_EXERCISE DETAILS_
Only the lines below from the one containing "Dijital Pazarlama teknoloji" through the one containing "Picture 2 of 5" belong in the answer, set down exactly, with the pictures left out.

_RAW DATA_
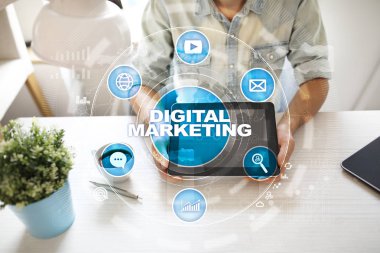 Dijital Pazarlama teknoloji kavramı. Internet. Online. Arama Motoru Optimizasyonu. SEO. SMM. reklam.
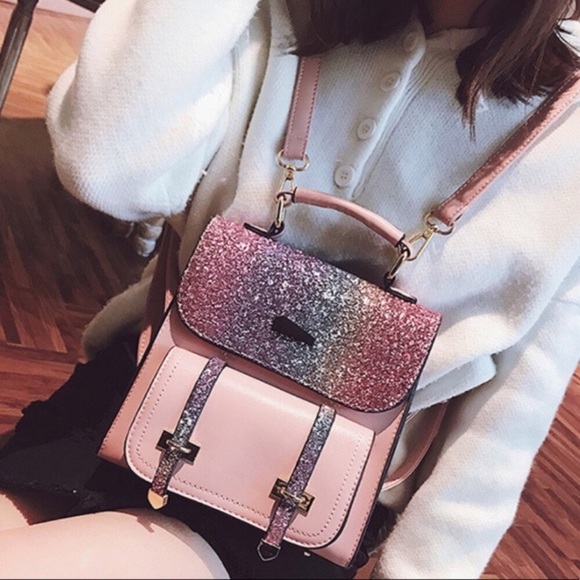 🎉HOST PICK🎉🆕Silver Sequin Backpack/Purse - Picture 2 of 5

* * *

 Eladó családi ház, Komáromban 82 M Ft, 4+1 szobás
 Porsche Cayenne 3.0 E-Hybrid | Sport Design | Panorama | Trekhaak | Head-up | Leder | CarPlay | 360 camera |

---

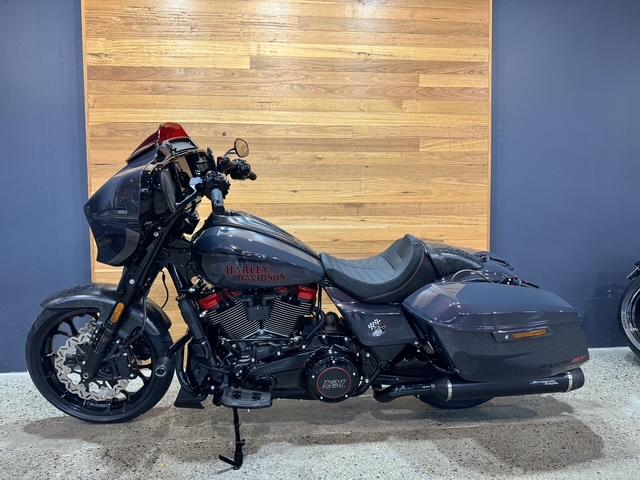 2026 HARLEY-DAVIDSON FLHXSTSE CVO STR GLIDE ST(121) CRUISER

_TASK OUTPUT_
 Dijital Pazarlama teknoloji kavramı. Internet. Online. Arama Motoru Optimizasyonu. SEO. SMM. reklam.
 🎉HOST PICK🎉🆕Silver Sequin Backpack/Purse - Picture 2 of 5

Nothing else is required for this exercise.